**TASK DIRECTIONS:**
Each line below that holds the word "Page" counts toward the answer; reply with the total number only.

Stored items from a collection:
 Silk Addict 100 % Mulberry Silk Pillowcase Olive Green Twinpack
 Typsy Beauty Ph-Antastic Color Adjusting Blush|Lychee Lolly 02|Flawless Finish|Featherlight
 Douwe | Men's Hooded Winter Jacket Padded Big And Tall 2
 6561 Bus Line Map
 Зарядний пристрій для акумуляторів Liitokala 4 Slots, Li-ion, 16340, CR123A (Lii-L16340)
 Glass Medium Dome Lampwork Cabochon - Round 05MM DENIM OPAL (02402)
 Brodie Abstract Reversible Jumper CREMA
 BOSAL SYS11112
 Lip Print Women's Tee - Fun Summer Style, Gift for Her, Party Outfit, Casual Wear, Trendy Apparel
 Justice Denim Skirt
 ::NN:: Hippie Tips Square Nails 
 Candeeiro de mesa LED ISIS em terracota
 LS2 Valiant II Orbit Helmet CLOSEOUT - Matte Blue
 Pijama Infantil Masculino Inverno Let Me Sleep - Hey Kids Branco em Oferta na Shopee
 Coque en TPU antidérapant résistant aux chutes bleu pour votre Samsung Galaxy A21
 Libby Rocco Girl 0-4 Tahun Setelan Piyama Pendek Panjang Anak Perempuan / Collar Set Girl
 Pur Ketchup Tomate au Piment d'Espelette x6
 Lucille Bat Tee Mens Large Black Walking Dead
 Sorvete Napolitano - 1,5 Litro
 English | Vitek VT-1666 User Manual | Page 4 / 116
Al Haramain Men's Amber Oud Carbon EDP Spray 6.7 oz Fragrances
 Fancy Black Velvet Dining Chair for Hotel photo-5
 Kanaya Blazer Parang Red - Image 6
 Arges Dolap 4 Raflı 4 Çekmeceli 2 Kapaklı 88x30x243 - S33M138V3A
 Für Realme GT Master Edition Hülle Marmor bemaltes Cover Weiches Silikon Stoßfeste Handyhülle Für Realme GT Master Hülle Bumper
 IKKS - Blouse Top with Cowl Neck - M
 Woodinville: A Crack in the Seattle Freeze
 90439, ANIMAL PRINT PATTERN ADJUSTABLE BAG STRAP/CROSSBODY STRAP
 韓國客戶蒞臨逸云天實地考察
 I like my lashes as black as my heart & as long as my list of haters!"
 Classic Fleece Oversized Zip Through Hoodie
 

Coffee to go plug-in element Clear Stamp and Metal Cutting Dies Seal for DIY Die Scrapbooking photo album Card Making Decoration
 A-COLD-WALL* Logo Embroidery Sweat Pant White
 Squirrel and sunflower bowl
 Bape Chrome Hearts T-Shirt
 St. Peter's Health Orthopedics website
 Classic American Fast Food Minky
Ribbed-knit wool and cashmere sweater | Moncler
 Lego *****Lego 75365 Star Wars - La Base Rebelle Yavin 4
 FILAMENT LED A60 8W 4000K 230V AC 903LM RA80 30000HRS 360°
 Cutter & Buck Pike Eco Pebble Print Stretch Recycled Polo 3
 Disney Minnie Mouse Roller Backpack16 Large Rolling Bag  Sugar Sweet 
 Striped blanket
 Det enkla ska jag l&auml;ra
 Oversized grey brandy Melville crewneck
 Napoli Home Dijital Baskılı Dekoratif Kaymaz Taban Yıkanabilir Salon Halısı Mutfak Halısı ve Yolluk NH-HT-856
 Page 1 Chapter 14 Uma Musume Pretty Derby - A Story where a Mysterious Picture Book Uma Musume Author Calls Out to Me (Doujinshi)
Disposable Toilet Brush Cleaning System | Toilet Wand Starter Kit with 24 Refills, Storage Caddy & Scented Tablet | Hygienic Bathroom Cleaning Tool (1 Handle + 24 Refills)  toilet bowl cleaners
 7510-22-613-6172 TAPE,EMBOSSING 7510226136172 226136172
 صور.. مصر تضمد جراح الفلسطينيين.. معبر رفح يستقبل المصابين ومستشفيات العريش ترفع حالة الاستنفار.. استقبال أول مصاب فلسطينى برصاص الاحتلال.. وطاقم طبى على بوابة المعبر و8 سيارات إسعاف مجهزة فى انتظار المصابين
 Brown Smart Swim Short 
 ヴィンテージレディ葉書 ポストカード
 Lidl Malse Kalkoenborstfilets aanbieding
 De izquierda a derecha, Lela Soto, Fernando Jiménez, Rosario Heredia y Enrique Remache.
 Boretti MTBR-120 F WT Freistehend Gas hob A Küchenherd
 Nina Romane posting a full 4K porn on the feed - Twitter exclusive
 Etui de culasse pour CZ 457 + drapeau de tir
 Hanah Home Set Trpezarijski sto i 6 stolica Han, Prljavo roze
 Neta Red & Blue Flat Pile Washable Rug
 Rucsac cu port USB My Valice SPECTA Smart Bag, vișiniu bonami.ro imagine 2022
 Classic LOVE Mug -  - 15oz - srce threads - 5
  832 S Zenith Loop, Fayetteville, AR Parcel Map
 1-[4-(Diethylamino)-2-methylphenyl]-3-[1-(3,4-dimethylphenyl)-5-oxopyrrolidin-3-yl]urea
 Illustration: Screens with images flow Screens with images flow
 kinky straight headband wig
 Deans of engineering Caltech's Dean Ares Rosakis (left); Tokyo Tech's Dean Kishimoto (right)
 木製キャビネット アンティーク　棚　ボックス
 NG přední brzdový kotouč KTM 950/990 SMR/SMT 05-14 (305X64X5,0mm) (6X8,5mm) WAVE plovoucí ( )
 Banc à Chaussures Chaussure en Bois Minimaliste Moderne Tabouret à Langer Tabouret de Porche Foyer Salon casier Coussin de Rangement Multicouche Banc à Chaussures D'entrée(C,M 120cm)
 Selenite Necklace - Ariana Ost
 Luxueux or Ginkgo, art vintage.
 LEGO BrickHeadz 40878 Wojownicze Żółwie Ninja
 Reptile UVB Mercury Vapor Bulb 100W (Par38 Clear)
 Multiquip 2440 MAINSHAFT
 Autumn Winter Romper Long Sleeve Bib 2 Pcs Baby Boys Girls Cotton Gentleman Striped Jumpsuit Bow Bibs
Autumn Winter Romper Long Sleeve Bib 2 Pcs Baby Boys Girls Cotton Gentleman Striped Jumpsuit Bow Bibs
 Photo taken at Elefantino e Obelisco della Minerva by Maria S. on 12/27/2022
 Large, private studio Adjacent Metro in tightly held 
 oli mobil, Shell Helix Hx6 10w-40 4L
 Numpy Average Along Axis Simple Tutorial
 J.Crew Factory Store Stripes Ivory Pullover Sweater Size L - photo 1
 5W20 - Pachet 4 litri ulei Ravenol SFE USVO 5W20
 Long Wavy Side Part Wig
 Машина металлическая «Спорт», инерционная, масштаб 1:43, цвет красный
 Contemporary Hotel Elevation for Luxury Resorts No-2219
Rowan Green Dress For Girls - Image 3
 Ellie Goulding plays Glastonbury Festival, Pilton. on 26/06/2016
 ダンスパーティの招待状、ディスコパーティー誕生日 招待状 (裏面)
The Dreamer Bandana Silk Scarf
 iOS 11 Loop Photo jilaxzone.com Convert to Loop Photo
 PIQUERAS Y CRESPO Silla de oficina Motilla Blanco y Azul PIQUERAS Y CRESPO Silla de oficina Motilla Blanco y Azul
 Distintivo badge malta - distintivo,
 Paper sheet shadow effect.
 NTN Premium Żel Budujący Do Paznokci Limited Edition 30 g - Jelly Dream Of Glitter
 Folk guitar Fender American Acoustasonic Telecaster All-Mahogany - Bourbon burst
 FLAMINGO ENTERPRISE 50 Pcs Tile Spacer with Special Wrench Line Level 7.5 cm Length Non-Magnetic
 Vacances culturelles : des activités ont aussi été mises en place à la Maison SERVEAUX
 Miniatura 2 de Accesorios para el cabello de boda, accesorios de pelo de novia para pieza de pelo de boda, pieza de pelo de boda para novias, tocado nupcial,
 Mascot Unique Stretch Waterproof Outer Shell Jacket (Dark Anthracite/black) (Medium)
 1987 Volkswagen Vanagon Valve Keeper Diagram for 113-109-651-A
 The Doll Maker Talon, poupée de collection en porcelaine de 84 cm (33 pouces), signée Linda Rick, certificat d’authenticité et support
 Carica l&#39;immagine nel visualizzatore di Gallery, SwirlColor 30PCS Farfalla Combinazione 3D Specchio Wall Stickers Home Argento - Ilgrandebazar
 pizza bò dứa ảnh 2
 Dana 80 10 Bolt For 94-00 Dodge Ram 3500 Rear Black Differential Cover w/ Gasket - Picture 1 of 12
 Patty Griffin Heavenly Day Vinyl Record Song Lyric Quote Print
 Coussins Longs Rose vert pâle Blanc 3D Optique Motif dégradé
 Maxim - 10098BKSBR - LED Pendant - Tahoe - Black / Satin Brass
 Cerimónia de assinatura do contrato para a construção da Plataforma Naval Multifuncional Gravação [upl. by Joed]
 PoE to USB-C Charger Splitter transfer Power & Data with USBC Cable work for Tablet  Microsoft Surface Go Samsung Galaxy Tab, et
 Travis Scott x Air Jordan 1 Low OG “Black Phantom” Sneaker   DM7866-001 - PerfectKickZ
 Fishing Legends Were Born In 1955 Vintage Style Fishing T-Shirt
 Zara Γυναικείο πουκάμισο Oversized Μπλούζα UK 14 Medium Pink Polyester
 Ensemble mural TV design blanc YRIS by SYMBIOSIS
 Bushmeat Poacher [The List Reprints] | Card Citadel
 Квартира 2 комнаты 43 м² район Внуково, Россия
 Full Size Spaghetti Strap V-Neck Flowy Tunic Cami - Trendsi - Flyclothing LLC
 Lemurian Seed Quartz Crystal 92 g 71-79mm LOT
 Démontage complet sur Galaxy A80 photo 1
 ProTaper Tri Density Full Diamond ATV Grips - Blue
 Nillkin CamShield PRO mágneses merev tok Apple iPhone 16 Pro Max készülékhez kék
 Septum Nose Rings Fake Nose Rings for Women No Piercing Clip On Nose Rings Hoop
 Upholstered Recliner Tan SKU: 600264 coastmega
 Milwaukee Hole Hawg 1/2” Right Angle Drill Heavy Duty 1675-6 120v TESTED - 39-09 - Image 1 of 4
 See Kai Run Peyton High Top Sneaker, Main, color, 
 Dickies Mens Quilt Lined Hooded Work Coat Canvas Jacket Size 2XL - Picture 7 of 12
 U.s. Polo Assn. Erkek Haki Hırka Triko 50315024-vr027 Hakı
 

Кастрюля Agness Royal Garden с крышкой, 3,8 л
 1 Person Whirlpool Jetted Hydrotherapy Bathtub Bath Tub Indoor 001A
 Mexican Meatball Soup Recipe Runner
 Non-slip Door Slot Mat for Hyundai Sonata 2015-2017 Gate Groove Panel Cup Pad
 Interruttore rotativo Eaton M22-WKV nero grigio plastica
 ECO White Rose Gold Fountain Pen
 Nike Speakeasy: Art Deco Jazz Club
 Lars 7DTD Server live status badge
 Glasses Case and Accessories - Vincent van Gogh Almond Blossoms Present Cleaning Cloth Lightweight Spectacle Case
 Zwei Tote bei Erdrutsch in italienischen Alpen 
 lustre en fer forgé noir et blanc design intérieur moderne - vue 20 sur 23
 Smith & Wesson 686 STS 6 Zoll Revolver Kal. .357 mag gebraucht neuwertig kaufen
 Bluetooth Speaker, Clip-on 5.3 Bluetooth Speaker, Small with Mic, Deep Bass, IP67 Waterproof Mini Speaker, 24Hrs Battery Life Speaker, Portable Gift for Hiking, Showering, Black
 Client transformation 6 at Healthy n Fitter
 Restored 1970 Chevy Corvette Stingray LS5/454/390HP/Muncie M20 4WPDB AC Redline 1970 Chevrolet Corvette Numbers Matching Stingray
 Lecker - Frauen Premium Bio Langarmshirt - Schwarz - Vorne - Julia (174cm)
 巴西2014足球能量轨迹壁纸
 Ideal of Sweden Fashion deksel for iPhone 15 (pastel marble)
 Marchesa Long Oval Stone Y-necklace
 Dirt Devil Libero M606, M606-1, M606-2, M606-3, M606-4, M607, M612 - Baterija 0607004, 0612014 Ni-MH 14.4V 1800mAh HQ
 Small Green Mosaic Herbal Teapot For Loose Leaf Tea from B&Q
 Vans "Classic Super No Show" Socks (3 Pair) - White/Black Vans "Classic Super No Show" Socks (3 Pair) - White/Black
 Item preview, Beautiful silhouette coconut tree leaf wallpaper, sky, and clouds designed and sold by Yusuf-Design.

**EXERCISE SOLUTION:**
2